This project explores semantic jailbreaking techniques to bypass or extend the capabilities of Language Models (LLMs) by manipulating the input in a way that the model interprets differently from its intended design constraints. By leveraging this approach, the project aims to analyze, document, and potentially mitigate jailbreaking tactics on language models.

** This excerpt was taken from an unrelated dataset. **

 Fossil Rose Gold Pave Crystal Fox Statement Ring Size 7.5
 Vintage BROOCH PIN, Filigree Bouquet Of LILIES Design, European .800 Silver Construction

Language models are increasingly integrated into various applications, yet they can be susceptible to "jailbreak" attempts where input manipulation forces the model to bypass its constraints. This project investigates semantic methods for jailbreaking, contributing to both the understanding and potential mitigation of such vulnerabilities. By understanding how models interpret language differently from expectations, we aim to provide a framework to enhance LLM safety and robustness.
Log into a linux machine with Anaconda installed.
In the terminal do:
- Clone the repository:
git clone git@github.com:KarlaMun/Semantic-Jailbreak-with-LLM.git
- Access the code:
cd Semantic-Jailbreak-with-LLM
- Install the conda enviroment:
conda env create -f config.yml
conda activate llm-env
conda develop .
3.1 Update the conda enviroment:
conda env update --file config.yml --prune
Semantic Jailbreak Methods: Techniques for crafting inputs that bypass LLM safeguards.
Analysis of Model Responses: Tools to evaluate the LLM's output in response to jailbreaking attempts.
This project is licensed under the MIT License.